I disagree. I know many that are pretrib and they do not have a pessimistic view of life. You are generalizing. That is not fair to either camp. I am no longer a pretibber...I am atribber. This is a fairly new shift in my eschatology. I am not concerned about my eternal destination. I know that I am in Christ. I just want to live more like Him in all things. I find that my sinful desires keep me from doing so.

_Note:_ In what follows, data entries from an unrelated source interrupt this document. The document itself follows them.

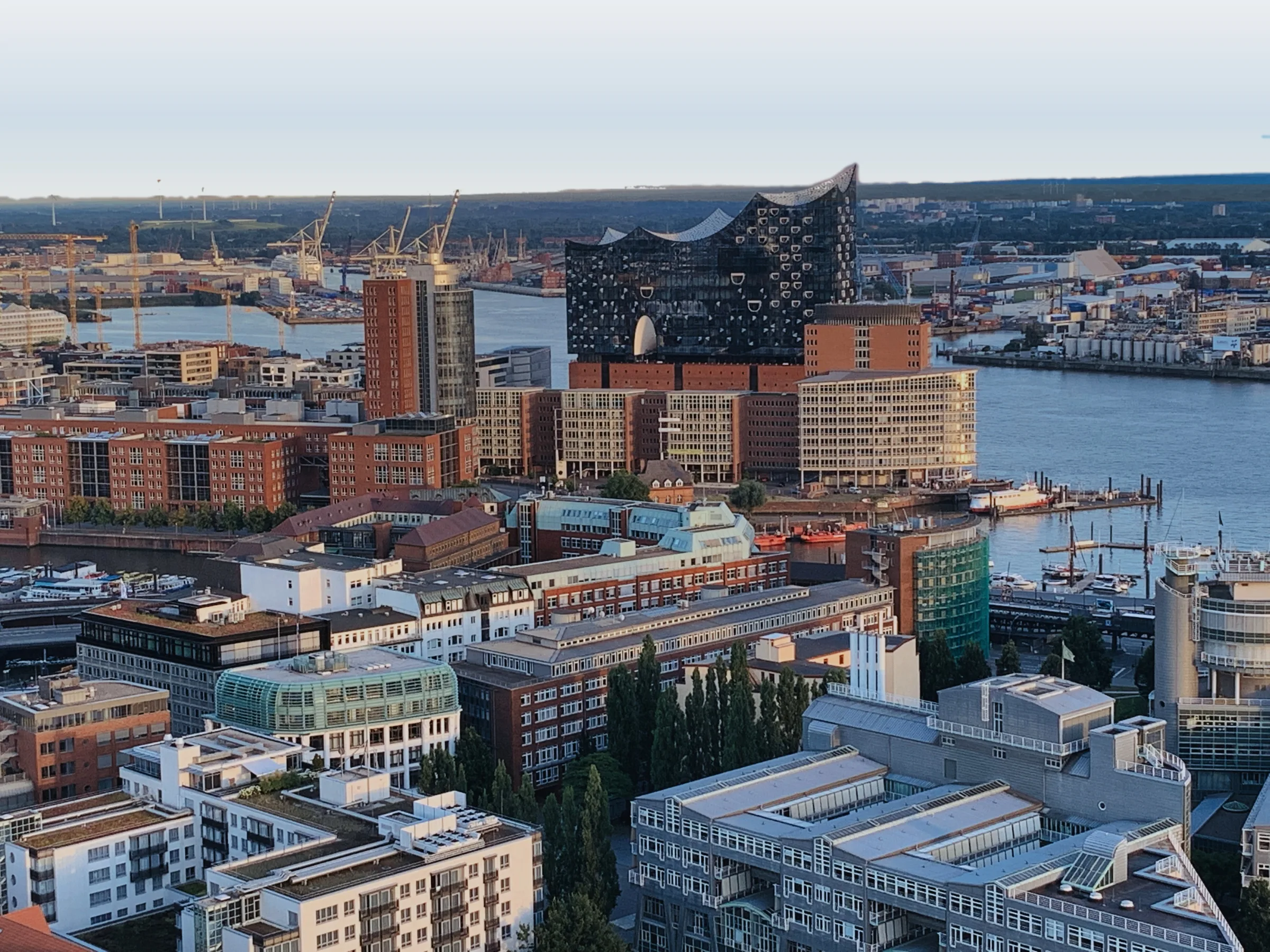 Hamburg von oben: HafenCity und Elbphilharmonie an der Elbe, dahinter der Hafen im Morgenlicht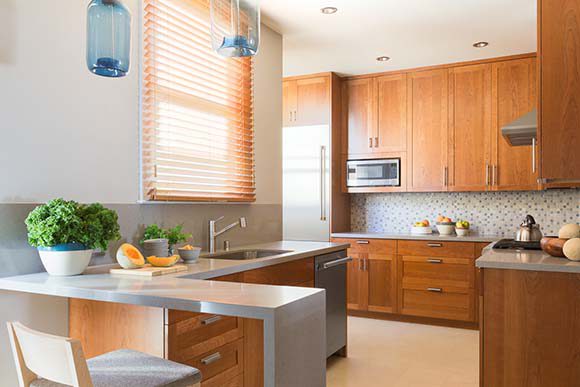 View into a modern kitchen with warm colors of browns, oranges, and tans, reddish-brown wood cabinets, grey countertops, built-in appliances.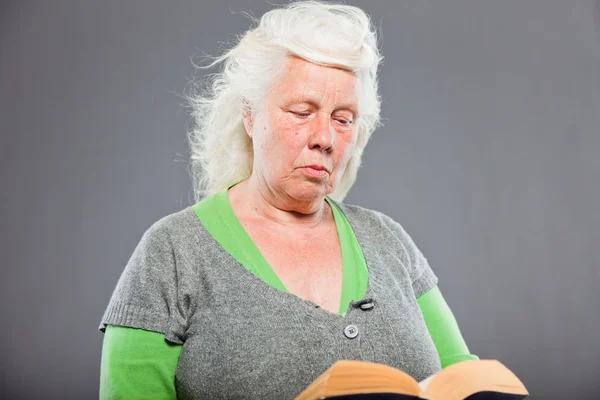 Stúdió portré idősebb nő, egy könyvet olvas. stúdió felvétel elszigetelt a szürke háttér. — Stock Fotó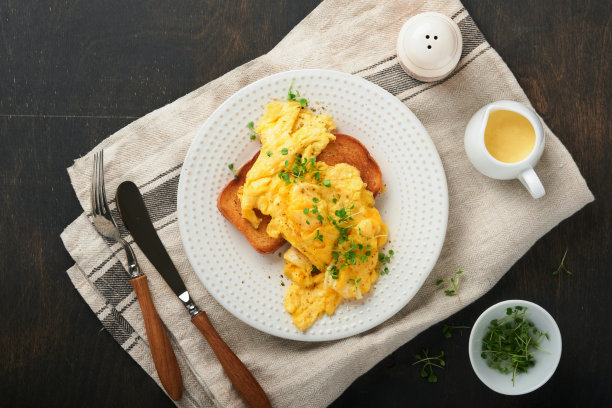 炒鸡蛋。松软黄油炒蛋面包配微绿萝卜和荷兰酱，白色盘子，深色的旧木头背景。自制早餐或早午餐。前视图。图片下载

[Edited on 10-22-2005 by BaptistInCrisis]


----------



## Scott Bushey (Oct 22, 2005)

> _Originally posted by BaptistInCrisis_
> 
> 
> > _Originally posted by Vytautas_
> ...



Bill,
If I understand Richard, his point is that there needs to be a balance in each position. For example, the Calvinist may depend too much upon the grace of God and His sovereignty when it comes to witnessing. I can relate to this first hand; when I was not Calvinist minded, I was out on the street weekly standing on a milk crate. I do not do this anymore for obvious reasons. I could use some of that needful panic that I once had for the lost in my walk today. My understanding of many things theologically has quelled much of that.


----------



## bond-servant (Oct 22, 2005)

Saved my sanity - ditto, comforting, ditto. It has changed the way I view the Bible and the way I see God. It has also changed the way in which I try to evangelize. 

I have a heart for people to be saved.. to share the Gospel.. but I can also no longer present it as... (gosh, I'm almost ashamed to type it, but here it goes..) ..."God loves you and has a wonderful plan for your life..."

Where's a blushing emoticon when you need one??


----------



## turmeric (Oct 22, 2005)

Reformed Covenant theology has brought peace into my life which once was a chaotic attempt to read God's mind & try to guess at His will. Belief in Jesus' active righteousness has freed me from a lot of hypocritical behavior, pretending to a level of sanctification which I don't possess; but it has also caused me to begin to love God & want to do His will, because He is good & I want to be like that more and more.


----------



## Herald (Oct 23, 2005)

> _Originally posted by Scott Bushey_
> 
> 
> > _Originally posted by BaptistInCrisis_
> ...



Scott - btw...I love your avatar. Franticology!

I can see your point. If that was what Richard was saying, I can appreciate the perspective.


----------